Systemic lupus erythematosus (SLE) is an autoimmune disease characterized by chronic inflammation an immune dysregulation. Cardiovascular disease (CVD) is a significant comorbidity and important cause of mortality in SLE. Although traditional cardiovascular (CV) risk factors occur frequently in SLE, their presence alone fails to explain the prevalence of CVD in SLE, implying that disease-specific processes have proatherogenic effects. The search for "lupus factors" contributing to CVD in SLE has been unsuccessful. Emerging evidence indicates that widespread protein modification occurring in DM by glycation may be central factor in the common complications of DM (e.g. CVD, nephropathy) by altering cellular structure and function. Although initially thought to arise from hyperglycemia, there is compelling evidence that these altered proteins, known as advanced glycation end products (AGE), arise from dyslipidemia and increased oxidative stress, which may explain why glycemic control fails to prevent end-organ damage in DM. AGE are elevated in DM, but are also increased in nonDM patjents with other inflammatory conditions. AGE levels, and decreased levels of its soluble receptor, sRAGE, predict CVD in both DM and nonDM populations. Like SLE, complement activation is increased in patients with DM, and is postulated to contribute to end-organ damage. Complement activation results in increased oxidative stress, which is associated with dyslipidemia and insulin resistance, and thus may promote increased AGE formation in SLE. Furthermore, glycation of omplement regulatory proteins has been demonstrated to amplify complement activation. Hence, protein glycation in SLE may create a vicious cycle perpetuating ongoing vascular damage by formation of AGE and continued disease activity by glycation of complement regulatory proteins. We postulate that AGE may be a 'lupus factor" in CVD, and will explore this hypothesis by the following:
Specific Aim 1. Determine the associations between oxidative stress and disease activity with levels of AGE and sRAGE in SLE.

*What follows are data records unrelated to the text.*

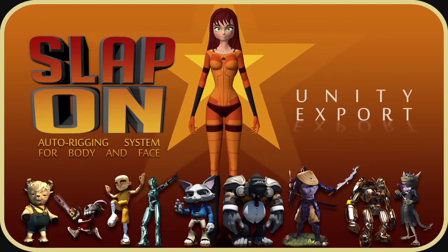Hi my name is Vedant Lenz and in this video I will demonstrate how to create a character rig that is exportable to Unity using the slap-on auto rigging system for body and face.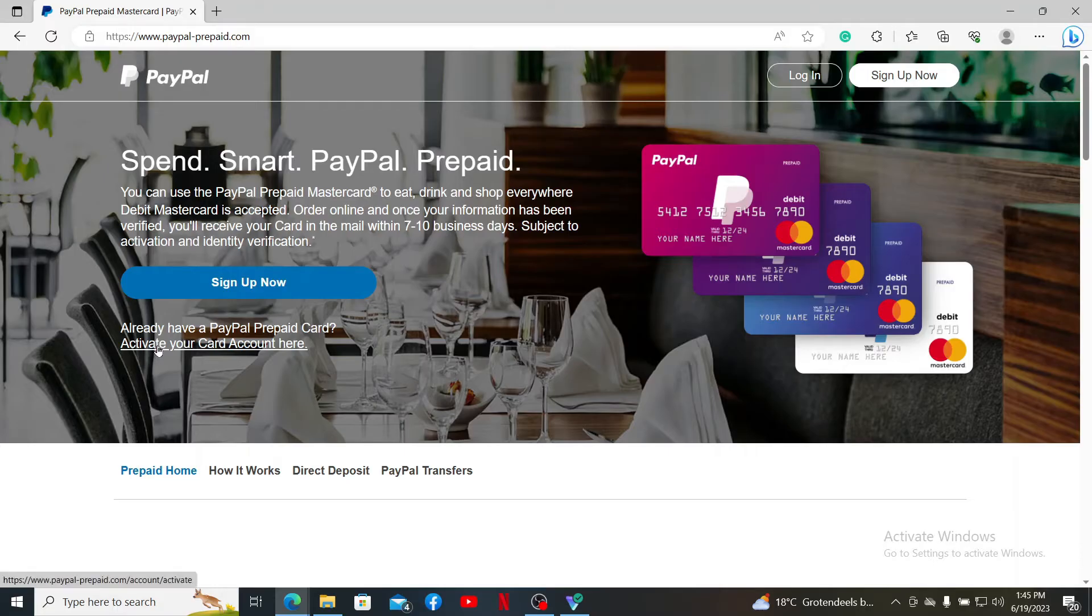In order to activate your prepaid Mastercard, click on this Activate Your Card Account button, and then it'll take you to the card activation page on a new tab.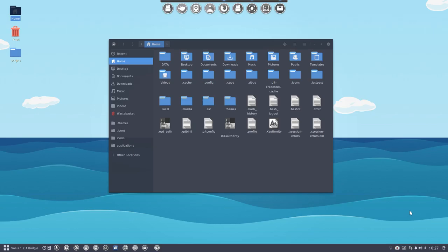Hi and welcome. We're on my Solus 1-to-1 Budgie system. I've just explained to you that you can install a lot of software via a script.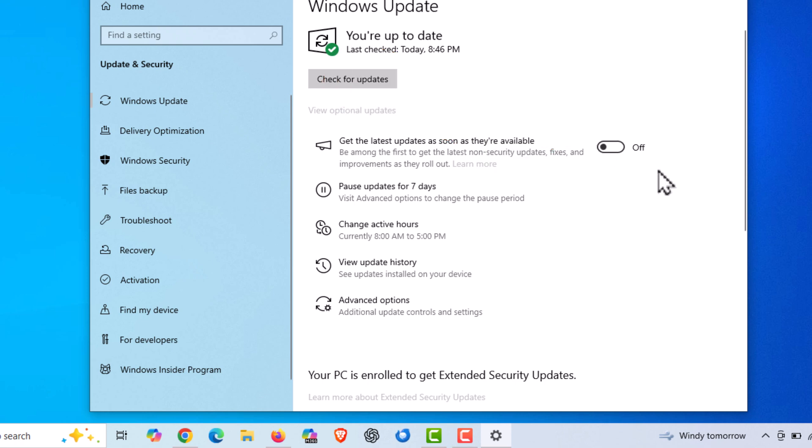To disable automatic updates, you would turn this off. That is how to enable or disable automatic updates in Windows 10. Thanks for watching.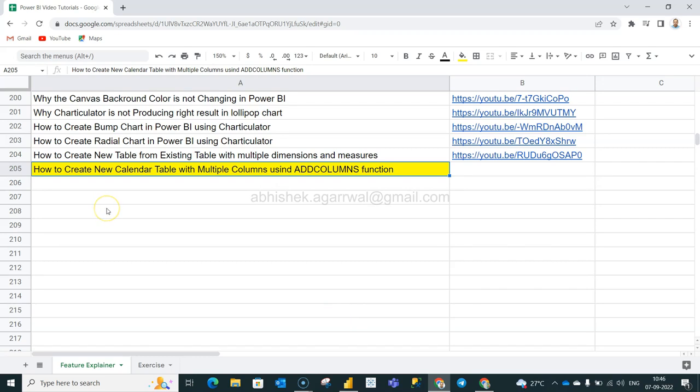Hello there and welcome to the new Power BI tutorial video. In this video I want to show you how you can create a new calendar table, or in a way any table where you can add multiple columns using the add columns function.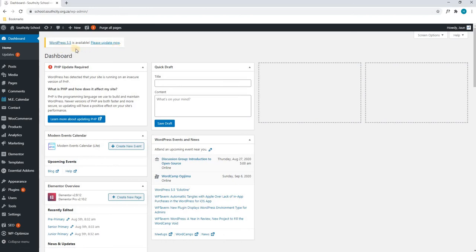Please note that we are not updating at this current moment as there are quite a few glitches with the newest update and we are waiting for the next patch before we update. That is how you would log in to the website.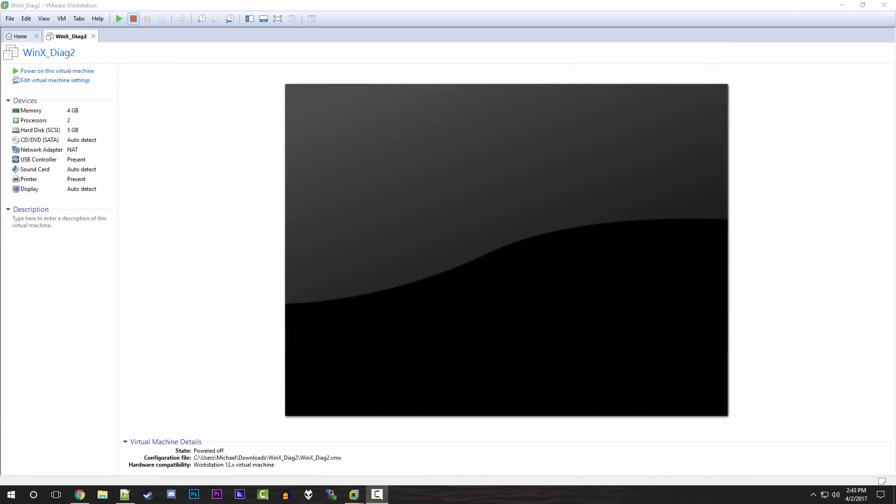Hello everybody and welcome back to another video here on the channel. Today I've got a pretty interesting video for you guys that I think you're going to enjoy. Essentially what I'm going to be doing today is taking a look at a user-created operating system. This was actually sent to me by another YouTuber known as Geth Commander, aka Matthias. His newest project is called WinX Diag.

Specific Aim 2. Determine the role of oxidative stress, AGE, and sRAGE in CVD in SLE. CVD will be defined by arterial vascular stiffness.
Specific Aim 3. Determine the associations between AGE and sRAGE with complement activation in SLE. Complement activation will be defined by the presence of cell-bound complement activation products (CB-CAPS). The proposed project will advance the applicant's career development in translational research by fostering skills in designing and implementing longitudinal studies, data collection, management, analysis and interpretation. Attaining the stated Specific Aims will advance our understanding of the interactions between inflammation and complement activation and their role in CVD in SLE.